There has been an interesting discussion at Feminist Mormon Housewives in response to a guest poster’s request for advice on how she, as a single Mormon woman, should deal with her strong sex drive. Tangentially, I was interested by a comment made by David on that thread:
Let me just state the obvious that no one seems to want to say:
There are more decent, inteligent, active, spiritual single women in the church than there are men.
I dont know how it all balances out in the end, but right now, thats just the way it is
I’m sure this issue has been discussed before (for example, I think it came up in these threads at FMH). There are clearly more committed, active women in the Church than there are committed, active men. Given that marriage is emphasized so much, my question is what the Church should do about the imbalance and all the single women it leaves frustrated.
I’ve thought of a few possible solutions, and I would be interested in hearing yours.
1. Ask single women to just stay single and have faith that everything will work out in the eternities. This is the current solution.
2. We could bring back polygamy (well, polygyny, anyway). Economists sometimes argue that polygyny should be good for women. The theory is that it gives women more options because they can marry any man, whether he’s single or already married. Women’s increased options would force single men to work harder to attract them. But the most important reason why polygyny might be thought of as a solution is that it allows for everyone to be married in a group that contains more women than men.
3. We could set the Church up to give men more incentive to attend than women. For example, we might prohibit women from having any kind of ecclesiastical authority, allow only men to perform sacred rituals, read from scriptures written by men about men’s experiences, and ask women to covenant to hearken to their husbands while asking men to make no similar covenant. Such a male-dominated church might attract more men than women.
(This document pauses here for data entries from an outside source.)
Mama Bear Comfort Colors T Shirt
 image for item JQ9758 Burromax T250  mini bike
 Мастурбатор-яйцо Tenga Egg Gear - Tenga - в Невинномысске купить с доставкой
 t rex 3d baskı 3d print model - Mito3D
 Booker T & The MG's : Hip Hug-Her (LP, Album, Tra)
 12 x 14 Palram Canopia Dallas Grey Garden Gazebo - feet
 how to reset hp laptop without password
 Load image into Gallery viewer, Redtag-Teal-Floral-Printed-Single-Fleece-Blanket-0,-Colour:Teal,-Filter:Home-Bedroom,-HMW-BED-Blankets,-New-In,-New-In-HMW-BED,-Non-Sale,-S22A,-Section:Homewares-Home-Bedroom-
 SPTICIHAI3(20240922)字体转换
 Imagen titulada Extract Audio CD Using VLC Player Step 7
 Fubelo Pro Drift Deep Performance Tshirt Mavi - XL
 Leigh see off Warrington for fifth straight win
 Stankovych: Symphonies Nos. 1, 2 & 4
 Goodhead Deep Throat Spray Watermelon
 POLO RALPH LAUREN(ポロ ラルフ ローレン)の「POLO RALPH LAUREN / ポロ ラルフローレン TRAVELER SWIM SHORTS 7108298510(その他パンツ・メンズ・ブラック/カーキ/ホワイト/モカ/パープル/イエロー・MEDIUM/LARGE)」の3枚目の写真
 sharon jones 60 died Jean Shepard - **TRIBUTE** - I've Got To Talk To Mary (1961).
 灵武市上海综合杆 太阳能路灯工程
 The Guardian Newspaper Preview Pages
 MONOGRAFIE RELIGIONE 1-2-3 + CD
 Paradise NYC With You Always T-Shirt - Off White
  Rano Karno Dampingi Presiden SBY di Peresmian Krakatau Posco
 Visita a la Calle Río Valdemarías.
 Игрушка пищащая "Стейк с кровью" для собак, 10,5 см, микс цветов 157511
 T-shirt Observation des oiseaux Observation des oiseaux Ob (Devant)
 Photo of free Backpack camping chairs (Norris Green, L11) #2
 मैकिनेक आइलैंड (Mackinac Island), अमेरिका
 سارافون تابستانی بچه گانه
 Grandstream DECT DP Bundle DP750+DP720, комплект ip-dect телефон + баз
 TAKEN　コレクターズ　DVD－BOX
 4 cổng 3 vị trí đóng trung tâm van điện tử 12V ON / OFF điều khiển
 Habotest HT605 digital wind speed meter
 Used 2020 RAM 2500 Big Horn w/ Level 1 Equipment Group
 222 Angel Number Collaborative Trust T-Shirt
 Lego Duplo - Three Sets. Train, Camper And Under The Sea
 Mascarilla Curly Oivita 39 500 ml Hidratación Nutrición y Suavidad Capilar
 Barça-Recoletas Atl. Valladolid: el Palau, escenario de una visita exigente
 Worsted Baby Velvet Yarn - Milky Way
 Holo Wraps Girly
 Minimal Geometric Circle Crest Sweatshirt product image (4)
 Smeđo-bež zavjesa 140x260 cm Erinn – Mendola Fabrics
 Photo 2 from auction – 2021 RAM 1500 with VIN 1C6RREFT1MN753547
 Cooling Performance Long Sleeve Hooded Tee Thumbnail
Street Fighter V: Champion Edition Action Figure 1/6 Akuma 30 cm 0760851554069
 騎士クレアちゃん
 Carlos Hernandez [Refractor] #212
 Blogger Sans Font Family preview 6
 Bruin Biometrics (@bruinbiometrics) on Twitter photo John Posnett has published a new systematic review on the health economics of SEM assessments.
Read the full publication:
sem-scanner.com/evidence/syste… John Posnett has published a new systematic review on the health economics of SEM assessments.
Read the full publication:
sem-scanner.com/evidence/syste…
4. Okay, we already do #3, and the Church still has more women than men. The strategy does seem to work to some degree, though, as the Church has a lower woman to man ratio than you would expect just generalizing from women’s generally greater religiosity. So maybe #3 just needs to be taken a little farther. Perhaps if we explicitly embraced the doctrine of women’s submissiveness, openly preached that all women are evil because Eve ate the fruit, barred women from speaking in church, and so forth, men would find the Church attractive enough relative to women to push the sex ratio closer to 1:1.
5. Deemphasize marriage. This seems unlikely to happen, although we could always shift emphasis from present marriage to marriage in the eternities.
6. Encourage single women to enter committed lesbian relationships. This would go well with #5 but seems even less likely.
7. Encourage single women to date and marry non-members. While marrying non-members isn’t exactly encouraged, it doesn’t seem to be spoken against as strongly as it used to be.
Yes, many of these suggestions are more than a little tongue-in-cheek. But I do think this is a real problem, and wonder if there might be some better solution than asking single women to hang on for an opportunity that might never come.
Of the solutions I’ve listed, I think that #4 would be the easiest to implement. After all, I’m sure there are stacks of scriptures and prophetic comments one could find to support any sexist practice the Church might want to try. It would just be a matter of emphasizing some scriptures and doctrines and ignoring others.
But #4 isn’t my favorite. I would actually lean toward #7. I suspect that many Mormon women would be happier married to a good non-Mormon man than they are single and giving up hope on ever being married. But that’s just me. I’m neither a woman nor single. What do you think?